Reliability
Imagine that you run a clinical system for a healthcare organization. Clinicians and caregivers have little tolerance for downtime. They need to have access to clinical IT systems around the clock to ensure that they're always providing the highest-quality care.
To meet the around-the-clock demands of clinicians, applications must be able to handle failures with minimal impact to their users. How do they keep their applications operational, both for localized incidents and for large-scale disasters?
In this unit, you learn how to include elements from the reliability pillar in your architecture design.
What is reliability?
In a complex application, any number of things can go wrong at any scale. Individual servers and hard drives can fail. A deployment issue might unintentionally drop all tables in a database. Whole datacenters might become unreachable. A ransomware incident might maliciously encrypt all your data. It's critical that your application stays reliable and can handle both localized and broad-impact incidents.
Designing for reliability includes maintaining uptime through small-scale incidents and temporary conditions like partial network outages. You can ensure that your application handles localized failures by integrating high availability into each component. This application design eliminates single points of failure. Such a design also minimizes the impact of infrastructure maintenance. High-availability designs typically aim to eliminate the impact of incidents quickly and automatically, and to ensure that the system can continue to process requests with little to no effect.
Designing for reliability also focuses on recovery from data loss and from larger-scale disasters. Recovery from these types of incidents often involves active intervention, though automated recovery steps can reduce the time needed to recover. These types of incidents might result in some amount of downtime or permanently lost data. Disaster recovery is as much about careful planning as it is about execution.
Including high availability and recoverability in your architecture design protects your business from financial losses that result from downtime and lost data. They also protect your business from a loss of reputation caused by a loss of trust from your customers.
Architecting for reliability ensures that your application can meet the commitments you make to your customers. You want to ensure that your systems are available to end users and can recover from any failures.

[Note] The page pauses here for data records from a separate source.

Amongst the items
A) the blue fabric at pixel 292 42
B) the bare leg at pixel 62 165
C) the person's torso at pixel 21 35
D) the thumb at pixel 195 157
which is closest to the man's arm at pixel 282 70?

Build a highly available architecture
For availability, identify the service-level agreement (SLA) to which you're committing. Examine the potential high-availability capabilities of your application relative to your SLA, and identify where you have proper coverage and where you need to make improvements. Your goal is to add redundancy to components of the architecture so that you're less likely to experience an outage.
Examples of high-availability design components include clustering and load balancing:
Clustering replaces a single VM with a set of coordinated VMs. When one VM fails or becomes unreachable, services can fail over to another one that can service the requests.
Load balancing spreads requests across many instances of a service, detecting failed instances and preventing requests from being routed to them.
Build an architecture that can recover from failure
For recoverability, you should perform an analysis that examines your possible data loss and major downtime scenarios. Your analysis should include an exploration of recovery strategies and the cost/benefit tradeoff for each. This exercise gives you important insight into your organization's priorities, and helps clarify the role of your application. The results of your analysis should include these duration values for your application:
Recovery point objective (RPO): The maximum duration of acceptable data loss. RPO is measured in units of time, not volume. Examples are "30 minutes of data," "four hours of data," and so on. RPO is about limiting and recovering from data loss, not data theft.
Recovery time objective (RTO): The maximum duration of acceptable downtime, where your specification defines "downtime". For example, if the acceptable downtime duration is eight hours if there's a disaster, then your RTO is eight hours.
With RPO and RTO defined, you can design backup, restore, replication, and recovery capabilities into your architecture to meet these objectives.
Every cloud provider offers a suite of services and features that you can use to improve your application's availability and recoverability. When possible, use existing services and best practices, and try to resist creating your own.
Hard drives can fail, datacenters can become unreachable, and hackers can attack. It's important that you maintain a good reputation with your customers by using availability and recoverability. Availability focuses on maintaining uptime through conditions like network outages, and recoverability focuses on retrieving data after a disaster.